EXERCISE BRIEF: Say how many lines in the following data hold the word "Image". Write nothing but that number.

DATA SHOWN:
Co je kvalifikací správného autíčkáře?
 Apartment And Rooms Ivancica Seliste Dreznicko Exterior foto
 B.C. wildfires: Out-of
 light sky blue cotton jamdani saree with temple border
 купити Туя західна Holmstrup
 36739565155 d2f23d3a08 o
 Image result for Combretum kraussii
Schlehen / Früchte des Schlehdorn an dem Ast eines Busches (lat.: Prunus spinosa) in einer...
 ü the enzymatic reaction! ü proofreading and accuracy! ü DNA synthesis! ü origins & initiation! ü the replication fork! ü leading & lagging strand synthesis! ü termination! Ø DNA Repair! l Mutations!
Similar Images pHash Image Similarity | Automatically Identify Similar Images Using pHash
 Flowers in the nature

YOUR SOLUTION: 2